L'enseignement que donne Jésus à ses disciples porte sur des situations qui se rencontrent dans la foule : «Ayant vu les foules, il alla en haut dans la montagne». Mais cet enseignement porte l'attention sur des manières de vivre qui peuvent se rencontrer chez quiconque appartient à la foule humaine. Or, ces façons de vivre ne sont pas perdues. Elles disent quelque chose. «C'est ainsi qu'ils ont persécuté les prophètes d'avant vous» : ceux qui, avant vous, parlaient, parlaient avec des mots, sans doute, mais aussi par des façons de vivre qui sont communes et qui vous attendent, vous aussi : «Heureux êtes-vous quand ils vous insultent et qu'ils vous persécutent et qu'ils disent mensongèrement contre vous toute sorte de mal à cause de moi».

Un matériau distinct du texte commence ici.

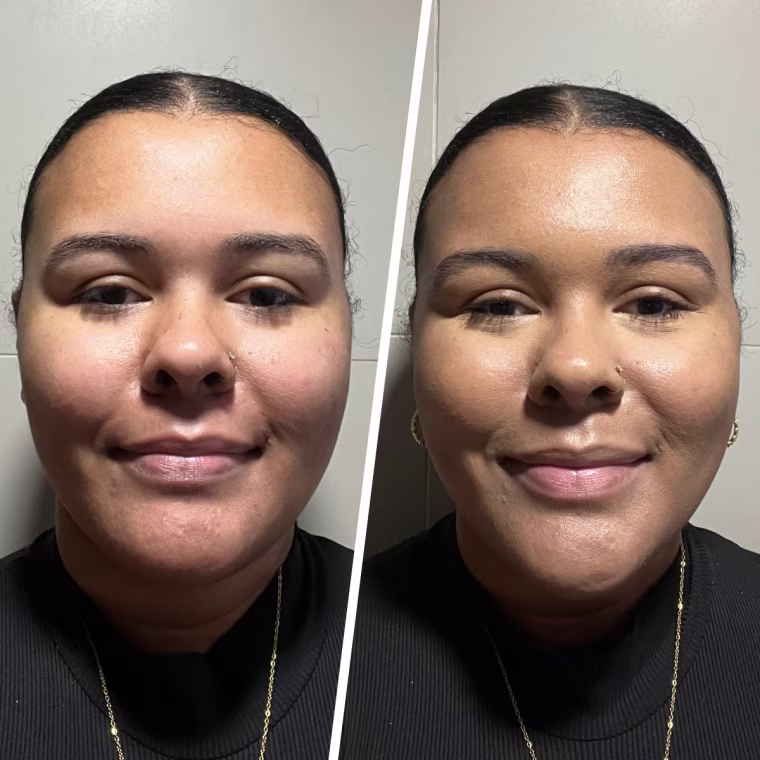 Milk Makeup Hydro Grip 12-Hour Hydrating Gel Skin Tint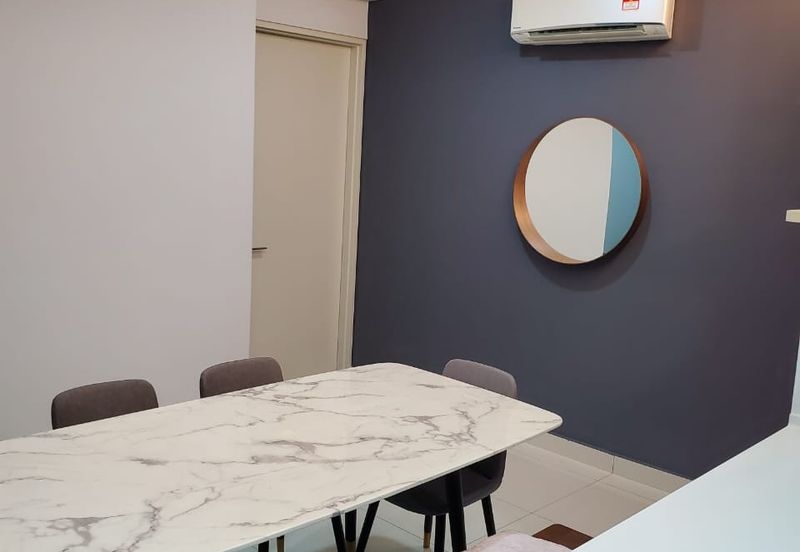 VIVO Residential Suites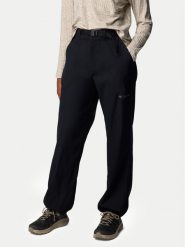 Columbia Spodnie outdoor Brea Falls™ 2086004 Czarny Regular Fit. Czarne spodnie sportowe Columbia, bez wzorów, z syntetyku, outdoorowe. Za 379.99 zł.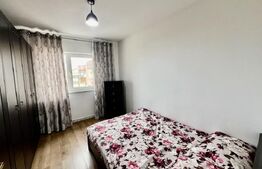 Apartament cu 4 camere, 2 bai, 2 balcoane, 78 mp, zona Intre Lacuri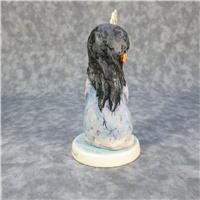 DeGrazia FESTIVALS OF LIGHTS Figurine (Goebel 10 324 14, TMK)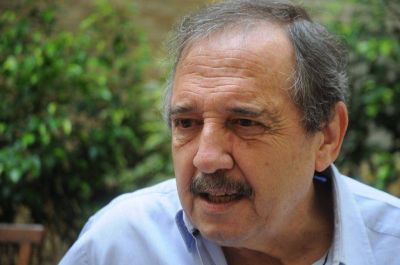 �Tengo miedo de que a Cambiemos no le vaya bien�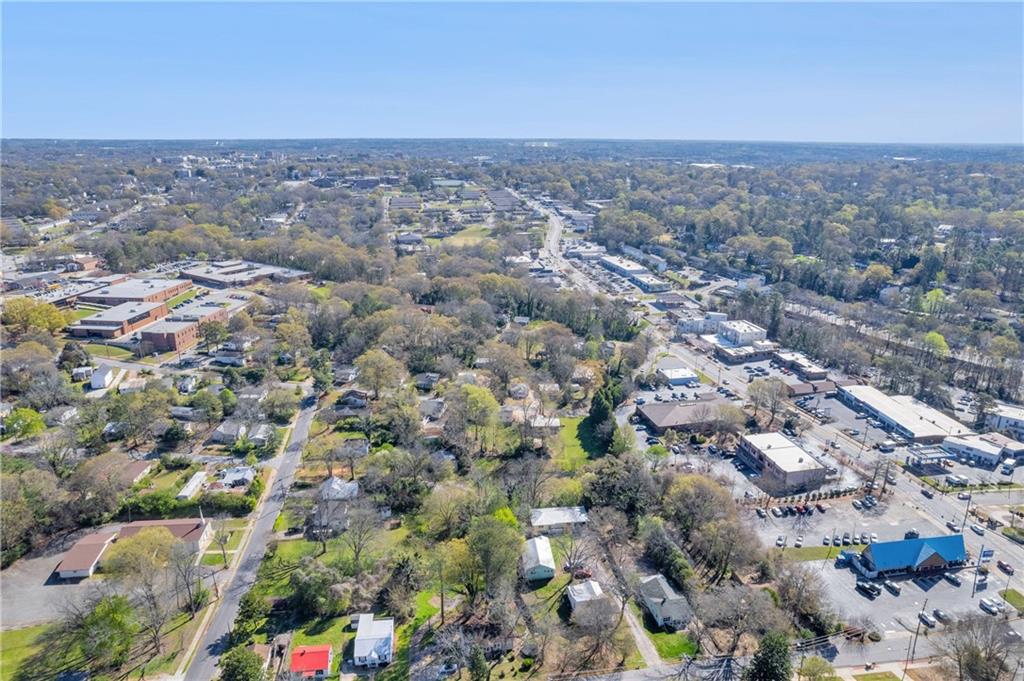 315 Evans Street Athens, GA 30606 - Photo 34 of 44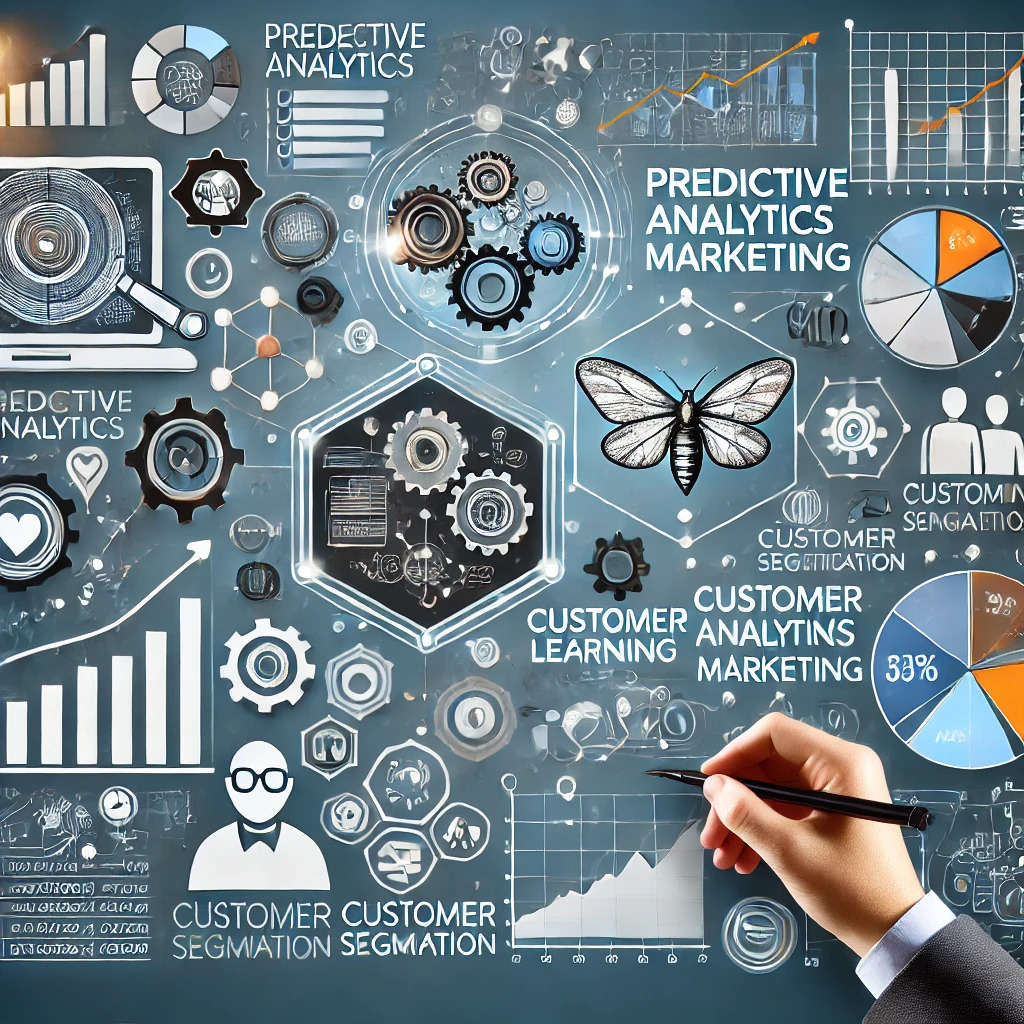 Leveraging Predictive Analytics Marketing for Smarter Decisions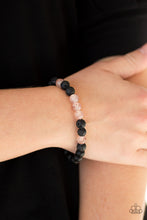 Load image into Gallery viewer, Paparazzi ~ Tone Down ~ Copper Urban Bracelet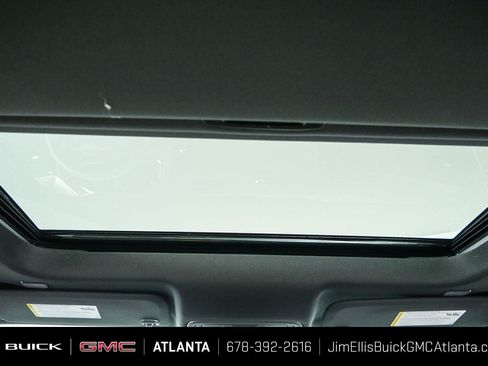 New 2026 GMC Sierra 1500 AT4 w/ AT4 Premium Package AWD/4WD image 22
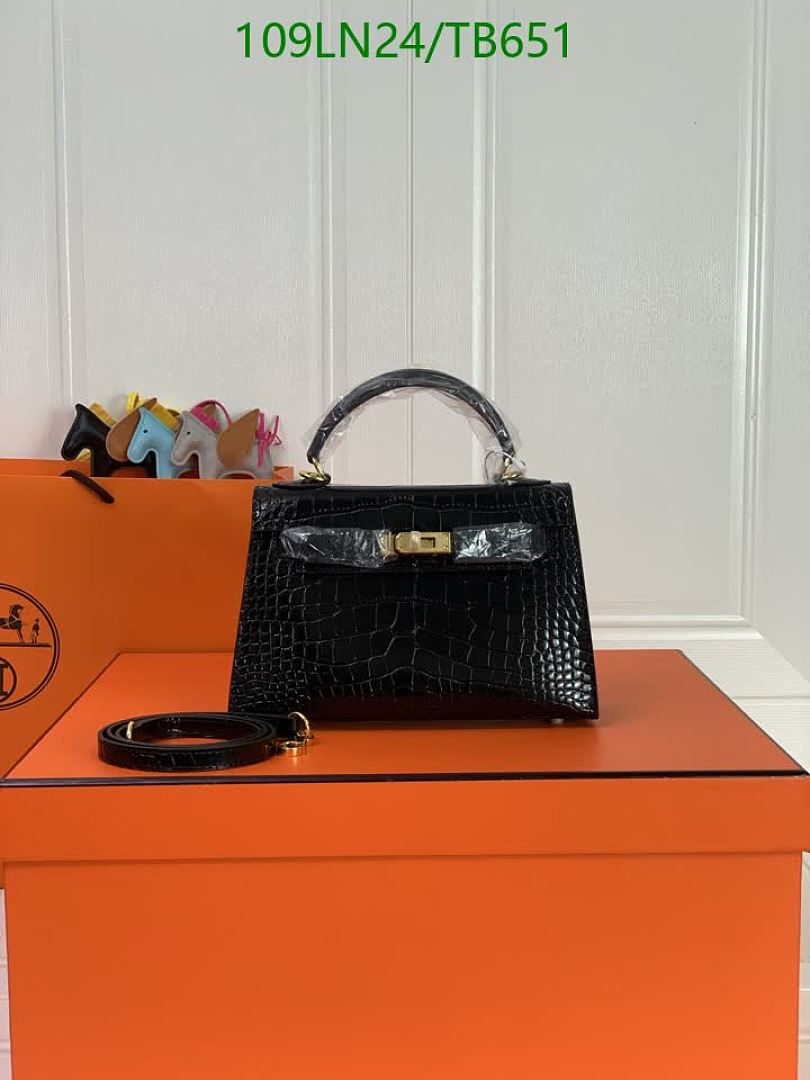 Hermes-Bag-4A Quality Code: TB651 $: 109USD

Jésus, je vous le disais, est en train de révolutionner notre conception spontanée du bonheur. Il est aussi en train de renouveler notre façon d'entendre la vérité. Car, encore une fois, toutes ces situations ne sont pas des situations à partir desquelles on pourrait déduire le bonheur logiquement, par voie de raisonnement. Le bonheur n'en sort que parce qu'il le dit et parce qu'il est dedans, en elles, lui. La voilà la vérité selon les Béatitudes.